* _SUPPLIED DATA_:
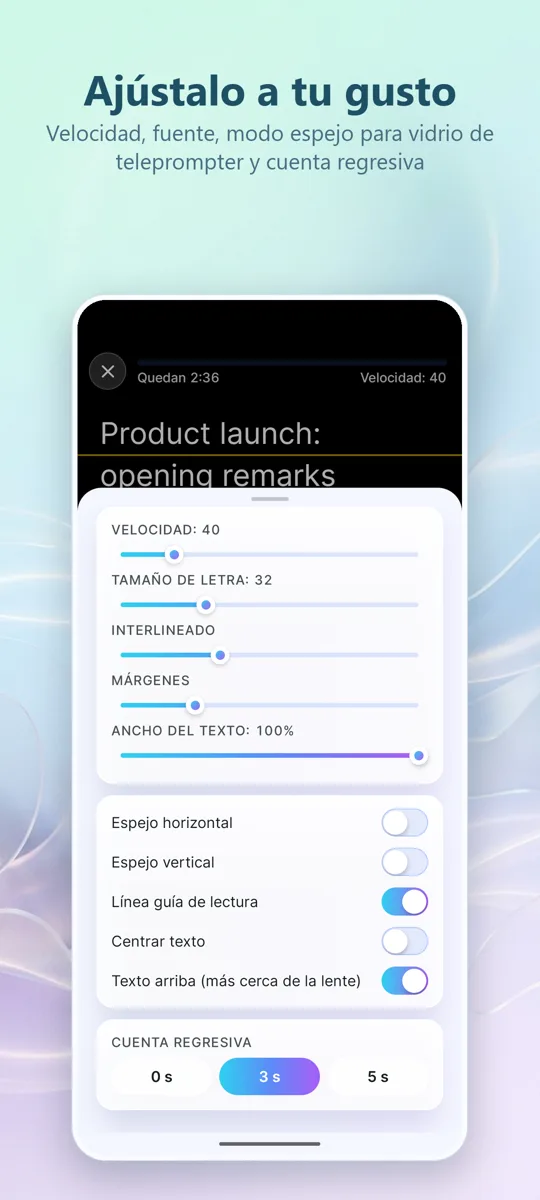 Teleprónter para video: 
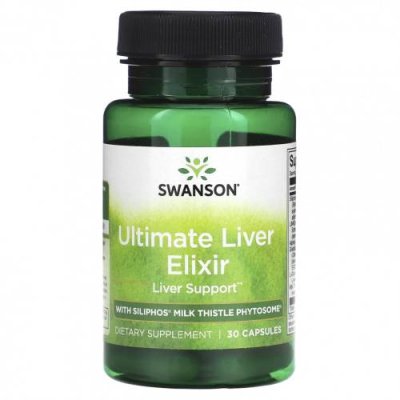 Swanson, Ultimate Liver Elixir с фитосомами силифоса, 30 капсул Препараты для печени / Аптека | V4.Market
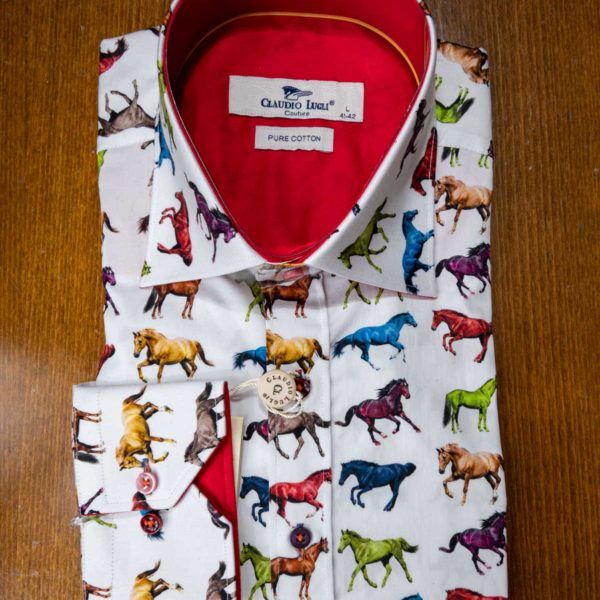 Claudio Lugli shirt with colourful horses on white cotton with a red lining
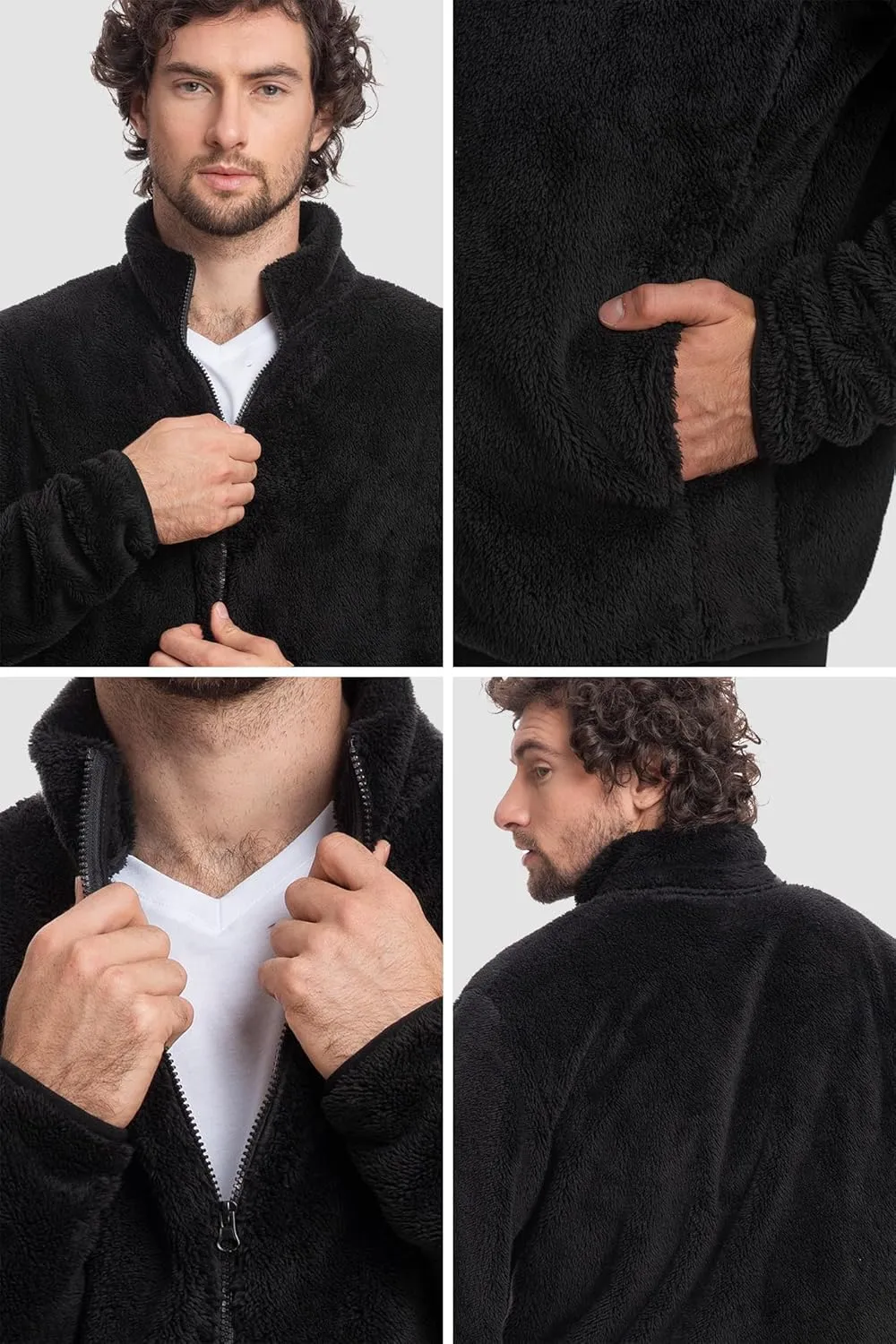 Mad Dog Men's Sherpa Jacket Ultimate Fuzzy Sweater for Men, Fleece Winter Coats, Mens Cold Weather Jackets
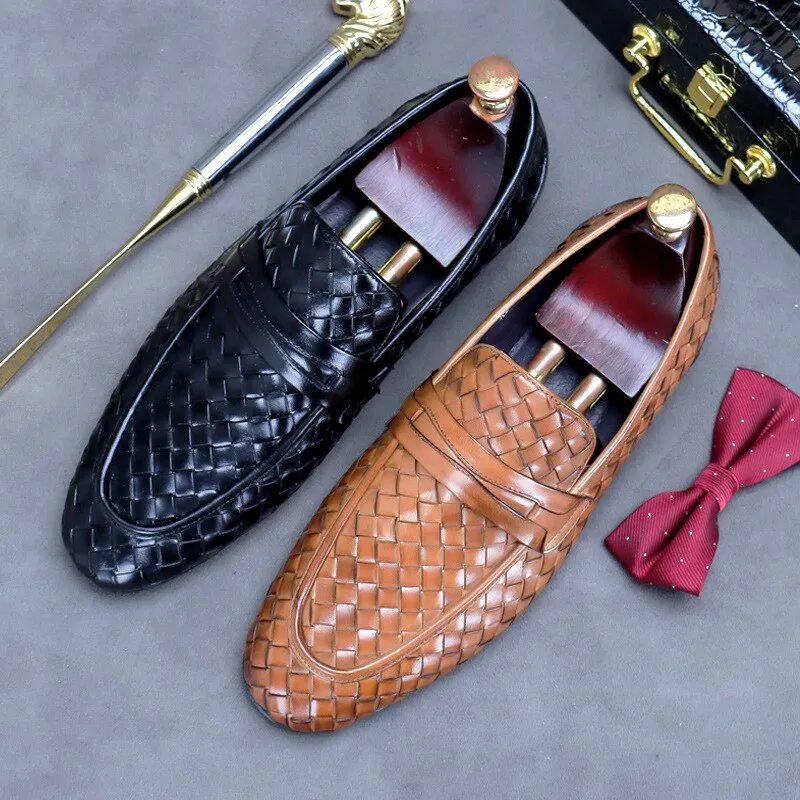 Woven Leather Slip-On Loafers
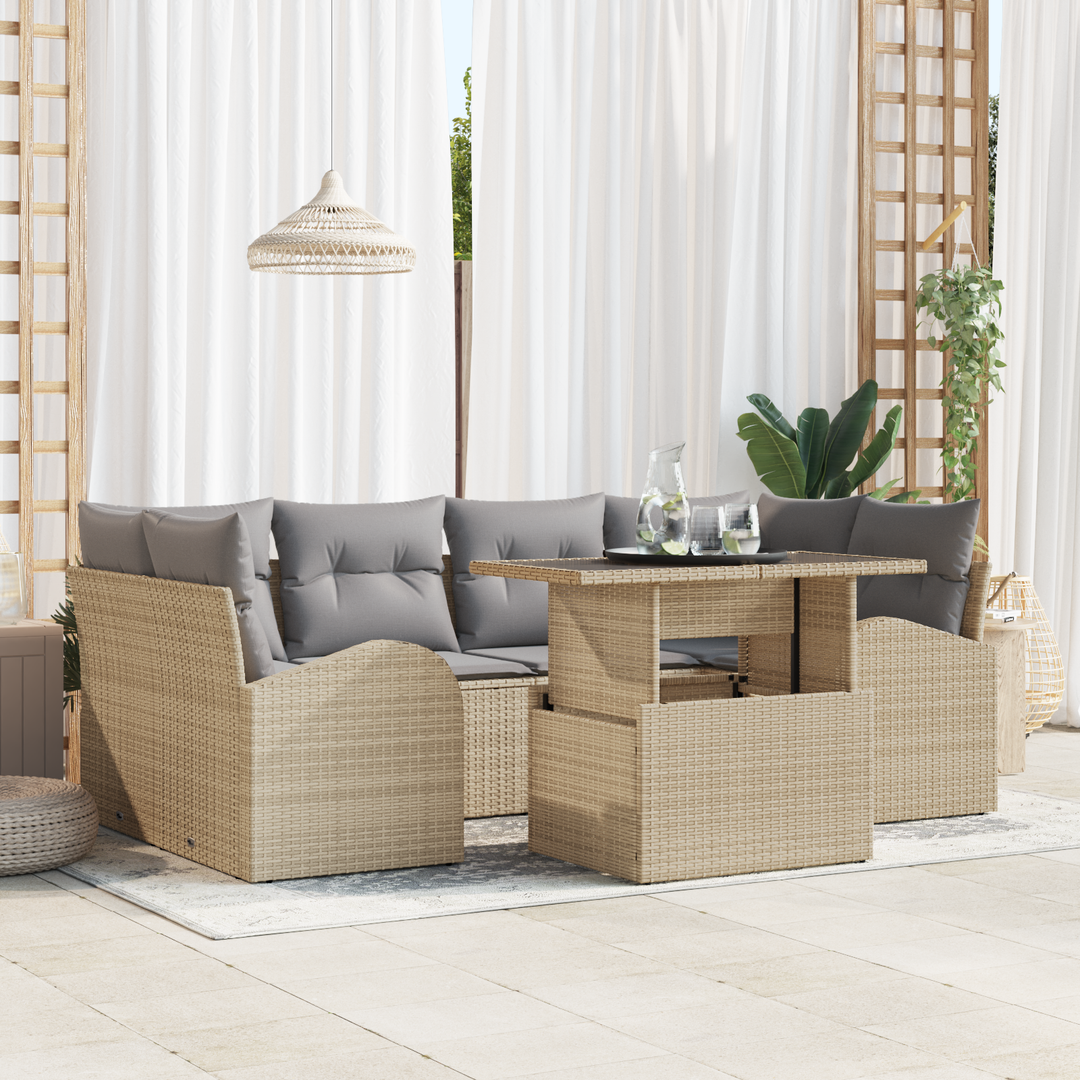 Havesofa Sæt med pude med opbevaring 7 pcs Beige Poly Rattan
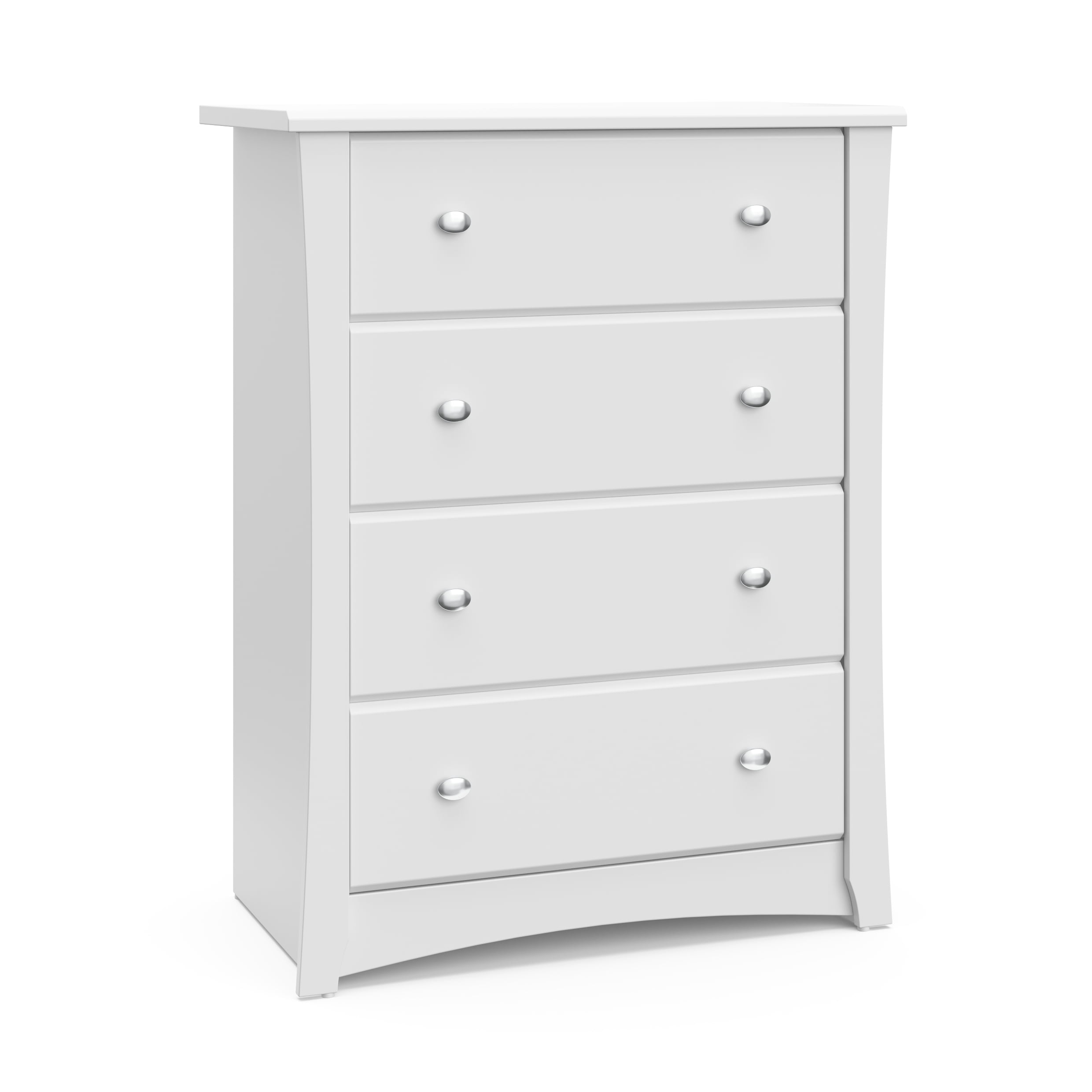 White Vertical 4-Drawer Nursery Dresser with Metal Knobs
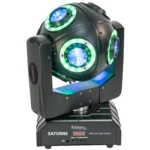 DMX-Moving-Head IBIZA "SATURNE", 4-in-1 RGBW LEDs + 8 Lichtringe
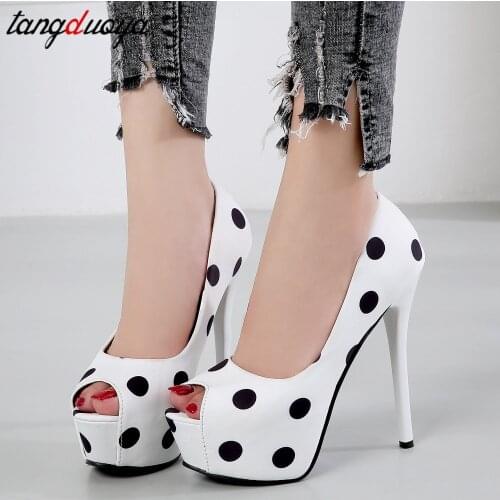 Wedding shoes woman sandals high heel peep toe platform high heels pumps women shoes ankle strap 2020 summer sandals shoes dots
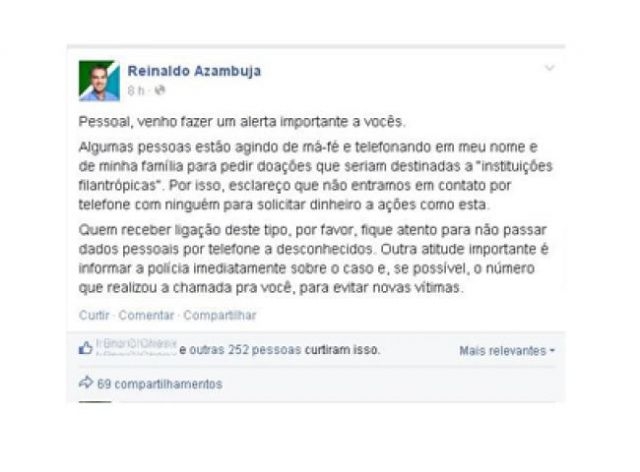 Golpistas usam nome de Azambuja para pedir doações, diz governador no Facebook Golpistas usam nome de Azambuja para pedir doações, diz governador no Facebook
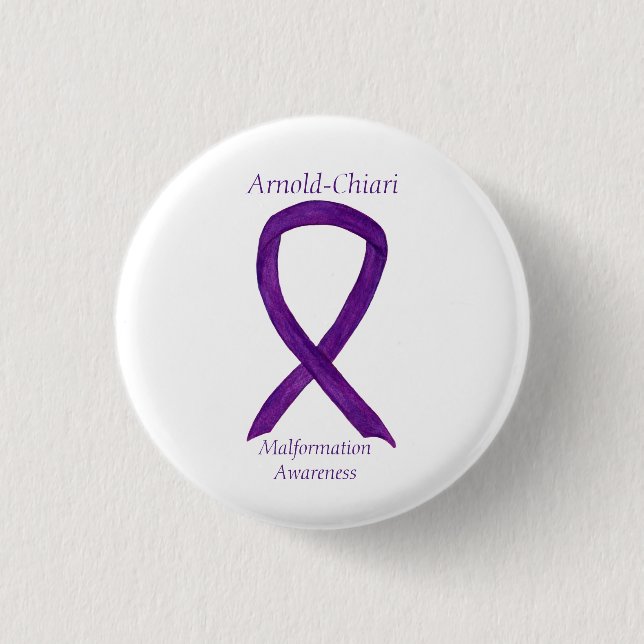 Arnold-Chiari Malformation Awareness Ribbon Button (Vorderseite)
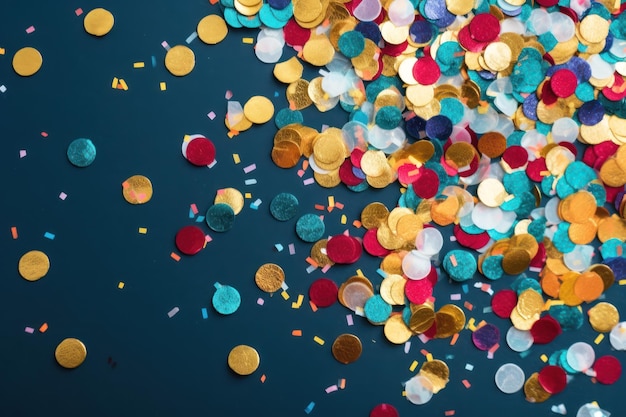 Foto confetti glitter op donkere achtergrond generatieve ai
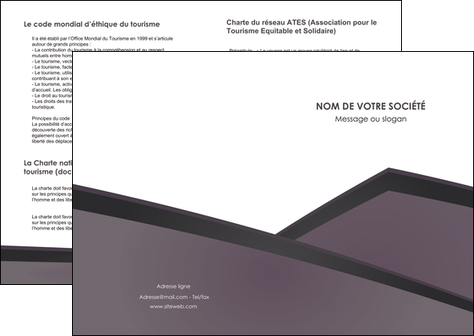 faire modele a imprimer depliant 2 volets  4 pages  violet noir courbes MLGI58399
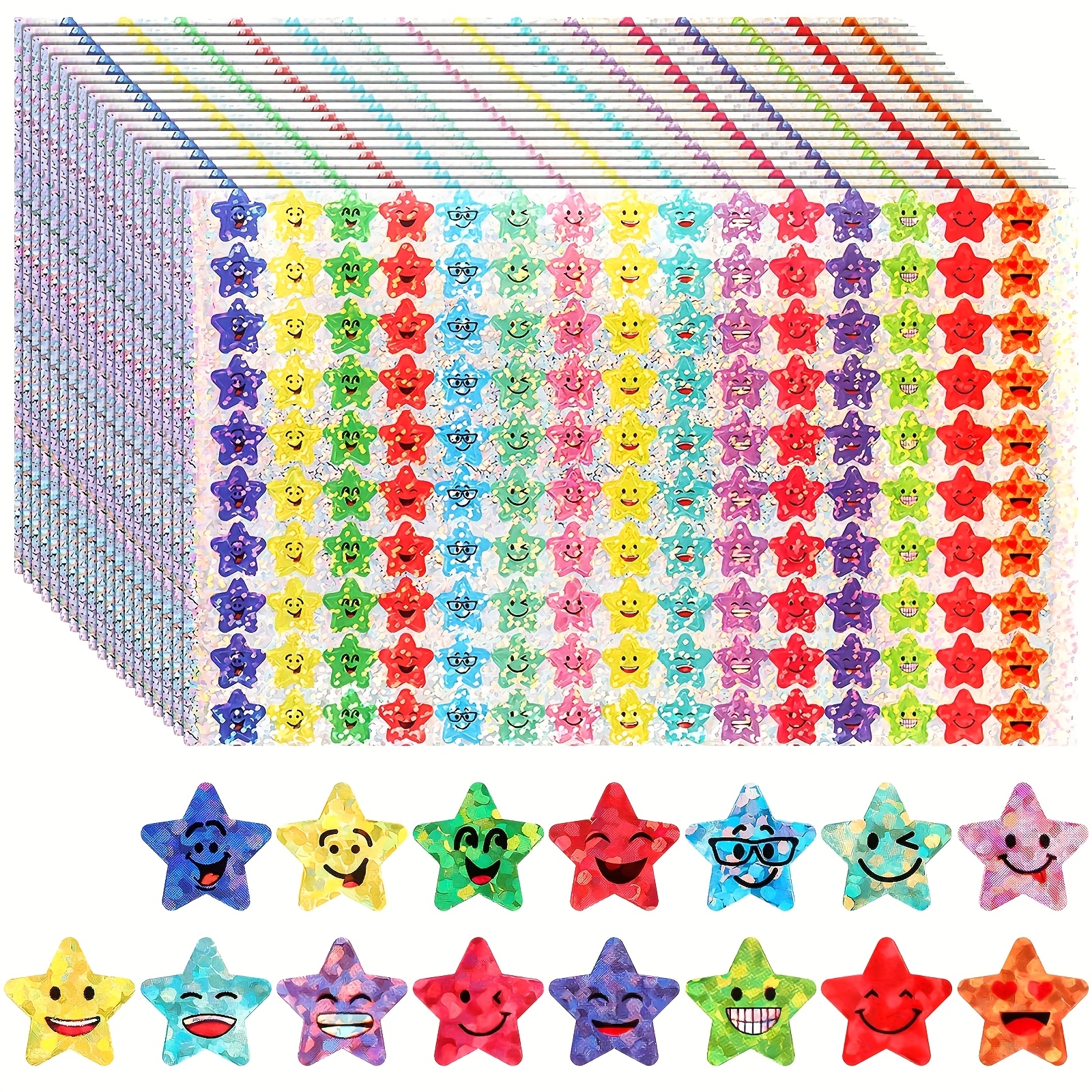 1800 kosov Holografske nalepke z zvezdami, laserske bleščeče nalepke za izražanje, samolepilne za ustvarjanje dnevnika, planerja, scrapbookinga,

* _DIRECTIONS_: Every line of the listing should be repeated exactly; no picture should appear.

* _RESULT_:
 Teleprónter para video: 
 Swanson, Ultimate Liver Elixir с фитосомами силифоса, 30 капсул Препараты для печени / Аптека | V4.Market
 Claudio Lugli shirt with colourful horses on white cotton with a red lining
 Mad Dog Men's Sherpa Jacket Ultimate Fuzzy Sweater for Men, Fleece Winter Coats, Mens Cold Weather Jackets
 Woven Leather Slip-On Loafers
 Havesofa Sæt med pude med opbevaring 7 pcs Beige Poly Rattan
 White Vertical 4-Drawer Nursery Dresser with Metal Knobs
 DMX-Moving-Head IBIZA "SATURNE", 4-in-1 RGBW LEDs + 8 Lichtringe
 Wedding shoes woman sandals high heel peep toe platform high heels pumps women shoes ankle strap 2020 summer sandals shoes dots
 Golpistas usam nome de Azambuja para pedir doações, diz governador no Facebook Golpistas usam nome de Azambuja para pedir doações, diz governador no Facebook
 Arnold-Chiari Malformation Awareness Ribbon Button (Vorderseite)
 Foto confetti glitter op donkere achtergrond generatieve ai
 faire modele a imprimer depliant 2 volets  4 pages  violet noir courbes MLGI58399
 1800 kosov Holografske nalepke z zvezdami, laserske bleščeče nalepke za izražanje, samolepilne za ustvarjanje dnevnika, planerja, scrapbookinga,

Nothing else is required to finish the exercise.